Cinema: Rise of the Planet of the Apes
“Get your stinking paws off me you damned dirty ape!” Not just the most quotable line of its originator, but also the one thing which links Rise of the Planet of the Apes to the 1968 original – aside from the primates themselves, of course.
The voice which speaks that line is an unlikely one though, none other than Tom Felton, known the Muggle world over as ‘evil’ wizard Draco Malfoy from Harry Potter, and unnervingly it’s accompanied by an American twang.
Felton plays Dodge Landon, a bully not entirely unlike Malfoy, who works at his father’s ape house, where the film’s monkey-like hero eventually finds himself. The story focuses on the scientific exploits of Will Rodman (James Franco), who is testing a new drug therapy, designed to cure Alzheimers, on the apes. After an incident, Rodman winds up with a baby ape, which he names Caeser, to take care of at home and he raises it as a son, teaching it sign language and converting the attic into a playground-like room, but he soon realises this animal is less than ordinary thanks to Caeser’s mother being given the drug.
Using this knowledge Rodman tests the drug on his father, played spectacularly by former Trinity Killer (in Dexter) John Lithgow, who regains his mind from the clutches of the heart-breaking disease. The ape evolution in Caeser (a motion capture performance by former Gollum Andy Serkis) quickly turns to revolution as his animal instincts kick in and the magic compound spreads.
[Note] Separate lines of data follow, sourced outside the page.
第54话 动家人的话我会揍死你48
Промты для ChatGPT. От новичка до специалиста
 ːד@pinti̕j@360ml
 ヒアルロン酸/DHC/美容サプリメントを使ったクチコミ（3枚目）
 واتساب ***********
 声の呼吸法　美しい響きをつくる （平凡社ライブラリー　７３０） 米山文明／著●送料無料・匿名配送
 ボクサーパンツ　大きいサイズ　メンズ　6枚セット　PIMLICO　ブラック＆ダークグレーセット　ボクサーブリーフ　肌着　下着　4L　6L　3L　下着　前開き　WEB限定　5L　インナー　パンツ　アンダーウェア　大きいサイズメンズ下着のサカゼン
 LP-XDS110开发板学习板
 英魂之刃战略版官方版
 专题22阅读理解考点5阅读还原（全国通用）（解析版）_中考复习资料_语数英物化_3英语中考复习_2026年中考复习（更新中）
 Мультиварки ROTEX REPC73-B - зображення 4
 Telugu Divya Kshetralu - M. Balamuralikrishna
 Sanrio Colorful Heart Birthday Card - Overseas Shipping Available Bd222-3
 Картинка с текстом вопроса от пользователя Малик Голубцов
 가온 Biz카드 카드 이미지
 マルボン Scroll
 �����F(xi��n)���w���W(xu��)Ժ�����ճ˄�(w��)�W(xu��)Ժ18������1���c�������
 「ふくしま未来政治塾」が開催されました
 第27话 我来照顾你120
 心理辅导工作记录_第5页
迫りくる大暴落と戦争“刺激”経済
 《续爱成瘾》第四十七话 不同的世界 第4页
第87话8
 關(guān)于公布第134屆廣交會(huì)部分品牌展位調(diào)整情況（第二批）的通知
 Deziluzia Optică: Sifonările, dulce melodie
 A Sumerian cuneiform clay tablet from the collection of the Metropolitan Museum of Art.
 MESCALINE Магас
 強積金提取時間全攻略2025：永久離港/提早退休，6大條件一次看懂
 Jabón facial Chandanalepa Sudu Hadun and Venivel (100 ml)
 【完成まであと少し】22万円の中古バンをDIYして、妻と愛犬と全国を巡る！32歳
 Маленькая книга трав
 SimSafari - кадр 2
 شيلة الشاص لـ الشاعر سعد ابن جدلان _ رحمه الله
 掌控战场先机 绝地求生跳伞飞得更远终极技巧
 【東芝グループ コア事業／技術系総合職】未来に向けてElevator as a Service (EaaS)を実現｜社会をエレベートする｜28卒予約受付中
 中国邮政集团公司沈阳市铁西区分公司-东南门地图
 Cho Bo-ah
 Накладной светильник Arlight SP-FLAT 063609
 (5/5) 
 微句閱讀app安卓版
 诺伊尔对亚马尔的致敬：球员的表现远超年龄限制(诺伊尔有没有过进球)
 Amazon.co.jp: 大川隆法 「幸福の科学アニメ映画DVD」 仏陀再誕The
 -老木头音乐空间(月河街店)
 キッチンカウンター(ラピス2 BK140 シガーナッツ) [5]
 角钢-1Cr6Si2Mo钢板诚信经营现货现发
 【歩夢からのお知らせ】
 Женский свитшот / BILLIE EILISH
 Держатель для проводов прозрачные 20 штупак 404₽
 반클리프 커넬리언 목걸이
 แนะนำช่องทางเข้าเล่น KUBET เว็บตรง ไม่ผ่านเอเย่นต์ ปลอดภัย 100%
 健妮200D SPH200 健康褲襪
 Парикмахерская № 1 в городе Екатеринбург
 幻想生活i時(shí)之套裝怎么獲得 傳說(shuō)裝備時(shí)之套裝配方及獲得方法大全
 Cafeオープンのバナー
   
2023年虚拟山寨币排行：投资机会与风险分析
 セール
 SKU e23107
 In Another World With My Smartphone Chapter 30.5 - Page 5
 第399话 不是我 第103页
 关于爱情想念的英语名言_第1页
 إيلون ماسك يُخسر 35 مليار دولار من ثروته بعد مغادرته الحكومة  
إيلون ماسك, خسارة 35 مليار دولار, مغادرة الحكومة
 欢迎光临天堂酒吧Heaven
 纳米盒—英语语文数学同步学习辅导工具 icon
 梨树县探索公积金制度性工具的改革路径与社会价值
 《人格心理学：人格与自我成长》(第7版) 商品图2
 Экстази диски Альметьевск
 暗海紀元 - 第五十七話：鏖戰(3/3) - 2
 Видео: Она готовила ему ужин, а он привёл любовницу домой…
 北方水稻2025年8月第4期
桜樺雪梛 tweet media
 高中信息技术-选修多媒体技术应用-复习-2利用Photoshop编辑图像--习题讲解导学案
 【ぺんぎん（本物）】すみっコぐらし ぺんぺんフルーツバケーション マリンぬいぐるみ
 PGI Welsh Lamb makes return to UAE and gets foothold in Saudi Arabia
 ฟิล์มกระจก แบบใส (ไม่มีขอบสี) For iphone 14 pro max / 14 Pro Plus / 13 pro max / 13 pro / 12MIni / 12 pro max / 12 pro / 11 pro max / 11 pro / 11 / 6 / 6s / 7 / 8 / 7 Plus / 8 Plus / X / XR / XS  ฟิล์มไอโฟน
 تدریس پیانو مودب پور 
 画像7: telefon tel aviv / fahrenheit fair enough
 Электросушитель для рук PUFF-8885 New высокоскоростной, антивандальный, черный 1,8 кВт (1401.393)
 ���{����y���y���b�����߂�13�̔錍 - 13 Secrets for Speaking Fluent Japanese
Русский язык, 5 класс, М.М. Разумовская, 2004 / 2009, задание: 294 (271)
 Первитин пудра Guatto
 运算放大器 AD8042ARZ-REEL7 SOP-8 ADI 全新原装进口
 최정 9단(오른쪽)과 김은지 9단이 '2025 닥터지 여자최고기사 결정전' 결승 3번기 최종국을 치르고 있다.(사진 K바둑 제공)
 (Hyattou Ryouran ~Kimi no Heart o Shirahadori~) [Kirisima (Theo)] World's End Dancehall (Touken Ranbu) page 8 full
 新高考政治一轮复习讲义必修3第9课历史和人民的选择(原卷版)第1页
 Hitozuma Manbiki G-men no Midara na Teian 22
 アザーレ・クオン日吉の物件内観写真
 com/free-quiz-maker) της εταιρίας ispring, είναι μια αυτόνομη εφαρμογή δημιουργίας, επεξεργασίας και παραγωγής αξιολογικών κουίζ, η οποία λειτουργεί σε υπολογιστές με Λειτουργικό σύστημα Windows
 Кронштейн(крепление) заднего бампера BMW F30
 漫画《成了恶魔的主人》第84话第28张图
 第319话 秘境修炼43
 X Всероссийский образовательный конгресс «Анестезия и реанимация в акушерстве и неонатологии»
The action-spectacular climax of the film should be the most significant moment, but instead, strangely it’s where glass house cracks. In previous films, the apes would talk as casually as their human co-stars, talking down to them as intellectual inferiors, but this film takes the realism aspect very seriously. So seriously in fact that the creatures are animated using Avatar‘s space-age technology, creating the most photo-real computer generated mammals seen on celluloid. But the suspension of disbelief is suddenly shattered as soon as Caeser utters a single word, somehow, it seems, this is a step too far.
Character takes a back seat in the final act as it becomes a jaw-dropping action-based chase through the city, and Franco’s usually impressive skills are lost as he haplessly follows the path of destruction. Still, supporting players such as Lithgow and Brian Cox, who plays Dodge’s ape house-owning dad, act as the voice of reason amid the mounting chaos. Also there’s a long-overdue return to screen for former Spooks actor David Oyelowo, who is the stereotypical money-hungry suit bankrolling Rodman’s research, and succeeds in playing it right down to the ground, making the audience almost feel sorry for him for his naivety to the situation as it unfolds.
By the end you will be entertained though and dazled by the effects, the presentation of Caesar testament to Serkis’ performance and the capabilities of today’s effects wizzards. It is though, despite the Golden Gate Bridge conclusion, a character study kore than anything else, and a moving and involving one at that. All hail Caesar!
By James Parry.
Rise of the planet of the Apes is out now courtesy of Twentieth Century Fox.